Members :
- Jiren REN : renjiren120@gmail.com
- Xi WANG : lilaswang2227@gmail.com

## Implementing the BPE algorithm
The aim of this exercize is to implement the BPE tokenization algorithm. As a reminder, the principle consists in gathering the words or “tokens” that appear the most times in succession.

For example, if we consider the corpus containing the words in the following table (with the number of occurrences of each word):

| words | occurrence |
|------|-----------|
| voting | 2 |
| vote | 3 |
| slow | 1 |
| slowly | 2 |


And if the initial “tokens” are the letters of the alphabet, then the prefix “vo” will initially be added to the list of sub-words (tokens), cause the bigram "v" "o" occurs 5 times (2 + 3).
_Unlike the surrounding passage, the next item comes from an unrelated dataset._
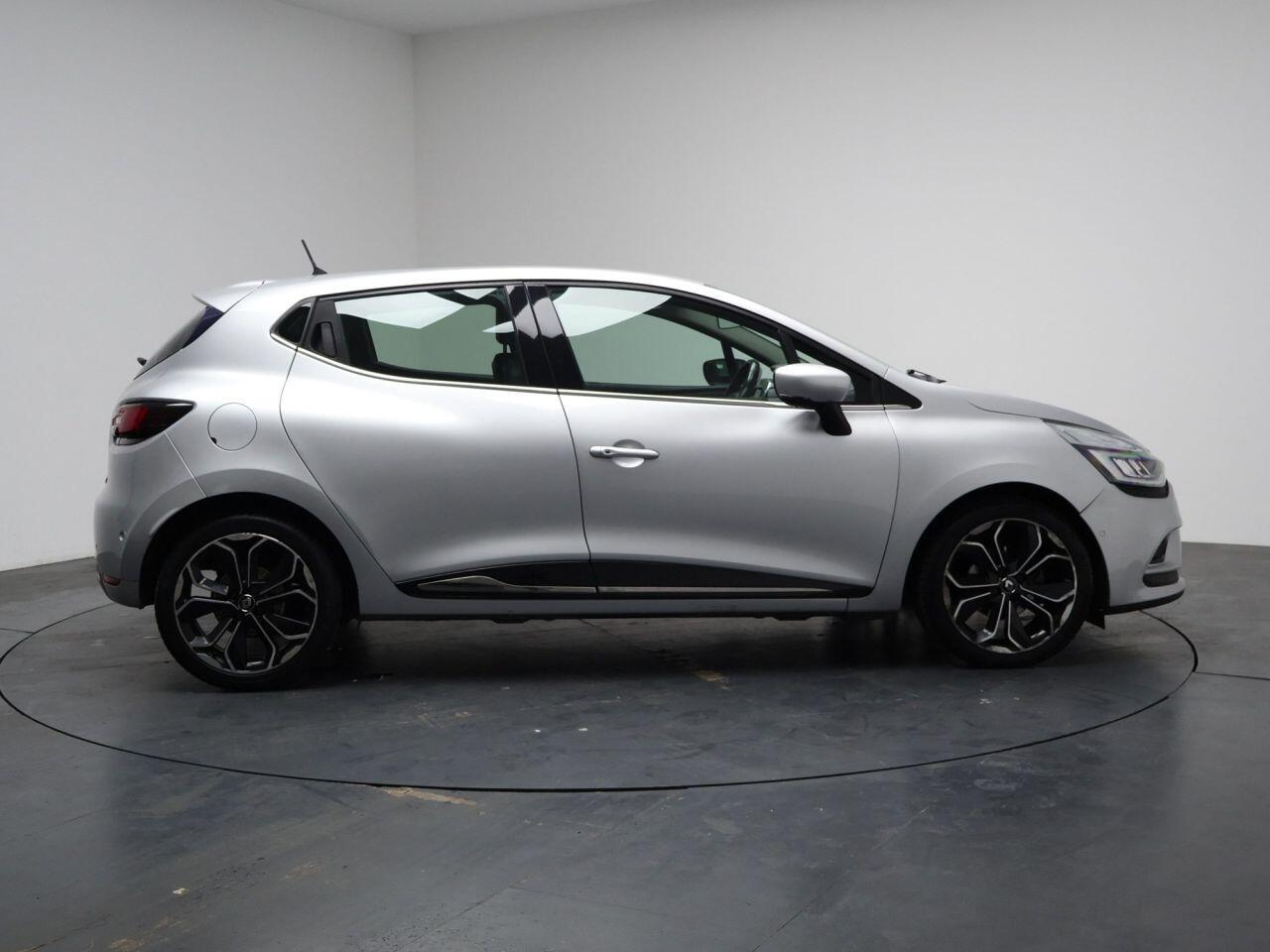 Renault Clio - Image 15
The steps involved in implementing the BPE algorithm are as follows:
1. Download a text corpus (here a wikipedia page)
2. Cut the text into words (using the “space” and “ponctuation” characters) and count the number of occurrences of each word.
3. Initialize the word dictionary with the initial tokens (letters of the alphabet)
4. Run BPE algorithm (learn vocabulary)
5. Test token decomposition on selected sentences (apply learned rules)


In the documents you will observe a lot of TODO in the code, replace it by your code.

### Submit your report

You can use the notebook as submission, you will also need to comment your experiments/choices !!! 

### Step 1: Download a corpus

In [5]:
from urllib.request import urlopen, Request
import re
import numpy as np
import collections
import json
url_request  = 'https://fr.wikipedia.org/w/api.php?format=json&action=query&prop=extracts&explaintext&redirects=1&titles=Gr%C3%A8ce_antique'
wikipedia_request = Request(url_request)
wikipedia_request.add_header("User-Agent", "Course (thomas.gerald@lisn.fr)")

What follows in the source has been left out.